So this is the Defensive strategy of Graham's.  I like it.  Not sure why - I think it's the relation of the defensive strategy to the other 2 strategies.
This strategy allows for the highest price.  The other strategies loosen up the criteria and therefore require a cheaper price.  That idea just has a nice vibe to it.

Mind you, the defensive stocks are the easiest to manage, according to that site, and you can be the most aggresive with them (which makes sense): hence portfolios of only 10 stocks (which helps smaller investors too).

What surprised me a little was that 9 of the 19 were at a value price.  Only that some simply are not liquid enough.  Pity.  But I suppose you could build a portfolio over time.


----------



## systematic (11 December 2012)

systematic said:


> Rules 6 & 7, as you know, are covered by using the Graham price: sqrt. of the product of 22.5,EPS & BV.
> 
> You then have to compare current price to the Graham price anyway, so I did that inthe ratio: current price / graham price (smaller is better).




In other words: think of the PGP *Ratio* like a Price to Book ratio.  a value of 1.00 means "fair value", i.e. the Graham Price.

Examples:
MNY is a Defensive stock, and currently trading at half the Graham Price
WLL is a Defensive stock, and currently trading right on the Graham Price
Expensive IRE is a Defensive stock, and currently trading over 3 times the Graham Price.


----------



## craft (12 December 2012)

Has anybody ever read Graham's postscript in the intelligent investor?


----------



## RandR (12 December 2012)

craft said:


> Has anybody ever read Graham's postscript in the intelligent investor?




Yes. its mostly just about the acquisition of geico. Also reinforces the point of making the right investment decisions with a simple methodology rather then a whole lot of 'average' decisions chasing mediocrity........ or is it ?


----------



## craft (12 December 2012)

RandR said:


> Yes. its mostly just about the acquisition of geico. Also reinforces the point of making the right investment decisions with a simple methodology rather then a whole lot of 'average' decisions chasing mediocrity........ or is it ?





Postscript to The Intelligent Investor


By Benjamin Graham


"We know very well two partners who spent a good part of their lives handling their own and other people's funds in Wall Street. Some hard experience taught them it was better to be safe and careful rather than to try to make all the money in the world. They established a rather unique approach to security operations, which combined good profit possibilities with sound values. They avoided anything that appeared overpriced and were rather too quick to dispose of issues that had advanced to levels they deemed no longer attractive. Their portfolio was always well diversified, with more than a hundred different issues represented. In this way they did quite well through many years of ups and downs in the general market; they averaged about 20% per annum on the several millions of capital they had accepted for management, and their clients were well pleased with the results.

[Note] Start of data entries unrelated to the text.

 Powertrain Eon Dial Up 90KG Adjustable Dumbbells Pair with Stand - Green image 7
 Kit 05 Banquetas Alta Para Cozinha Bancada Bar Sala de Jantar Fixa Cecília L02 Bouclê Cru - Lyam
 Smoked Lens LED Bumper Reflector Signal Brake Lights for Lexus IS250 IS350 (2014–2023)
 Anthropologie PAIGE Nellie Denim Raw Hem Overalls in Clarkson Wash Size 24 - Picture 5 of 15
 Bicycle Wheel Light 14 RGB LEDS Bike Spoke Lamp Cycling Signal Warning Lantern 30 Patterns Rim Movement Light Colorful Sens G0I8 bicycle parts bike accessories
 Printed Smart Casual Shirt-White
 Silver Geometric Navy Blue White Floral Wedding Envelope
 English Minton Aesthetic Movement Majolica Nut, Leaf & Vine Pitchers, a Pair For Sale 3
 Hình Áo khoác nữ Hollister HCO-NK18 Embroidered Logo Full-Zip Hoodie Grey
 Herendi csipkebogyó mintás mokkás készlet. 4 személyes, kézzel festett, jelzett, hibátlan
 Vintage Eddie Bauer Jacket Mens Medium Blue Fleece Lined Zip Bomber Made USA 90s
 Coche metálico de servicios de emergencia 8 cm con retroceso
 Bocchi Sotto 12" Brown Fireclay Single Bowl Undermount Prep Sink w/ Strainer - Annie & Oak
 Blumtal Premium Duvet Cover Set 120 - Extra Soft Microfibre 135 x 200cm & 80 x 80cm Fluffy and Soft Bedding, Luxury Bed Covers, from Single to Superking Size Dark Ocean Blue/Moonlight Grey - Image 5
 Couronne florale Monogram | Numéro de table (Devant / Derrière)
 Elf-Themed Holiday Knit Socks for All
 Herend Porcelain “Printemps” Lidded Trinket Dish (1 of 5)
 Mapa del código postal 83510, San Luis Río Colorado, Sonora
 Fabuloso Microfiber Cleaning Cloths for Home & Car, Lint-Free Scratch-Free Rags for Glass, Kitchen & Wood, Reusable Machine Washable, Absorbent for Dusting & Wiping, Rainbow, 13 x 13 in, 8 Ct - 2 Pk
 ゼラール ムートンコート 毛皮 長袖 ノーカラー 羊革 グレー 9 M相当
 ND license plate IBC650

In the year in which the first edition of this book appeared an opportunity was offered to the partners' fund to purchase a half-interest in a growing enterprise. For some reason the industry did not have Wall Street appeal at the time and the deal had been turned down by quite a few important houses. But the pair was impressed by the company's possibilities; what was decisive for them was that the price was moderate in relation to current earnings and asset value. The partners went ahead with the acquisition, amounting in dollars to about one-fifth of their fund. They became closely identified with the new business interest, which prospered. 

In fact it did so well that the price of its shares advanced to two hundred times or more the price paid for the half-interest. The advance far outstripped the actual growth in profits, and almost from the start the quotation appeared much too high in terms of the partners' own investment standards. But since they regarded the company as a sort of "family business," they continued to maintain a substantial ownership of the shares despite the spectacular price rise. A large number of participants in their funds did the same, and they became millionaires through their holding in this one enterprise, plus later-organized affiliates. 

Ironically enough, the aggregate of profits accruing from this single investment-decision far exceeded the sum of all the others realized through 20 years of wide-ranging operations in the partners' specialized fields, involving much investigation, endless pondering, and countless individual decisions. 

Are there morals to this story of value to the intelligent investor? An obvious one is that there are several different ways to make and keep money in Wall Street. Another, not so obvious, is that one lucky break, or one supremely shrewd decision – can we tell them apart? – may count for more than a lifetime of journeyman efforts. But behind the luck, or the crucial decision, there must usually exist a background of preparation and disciplined capacity. One needs to be sufficiently established and recognized so that these opportunities will knock at his particular door. One must have the means, the judgment, and the courage to take advantage of them. 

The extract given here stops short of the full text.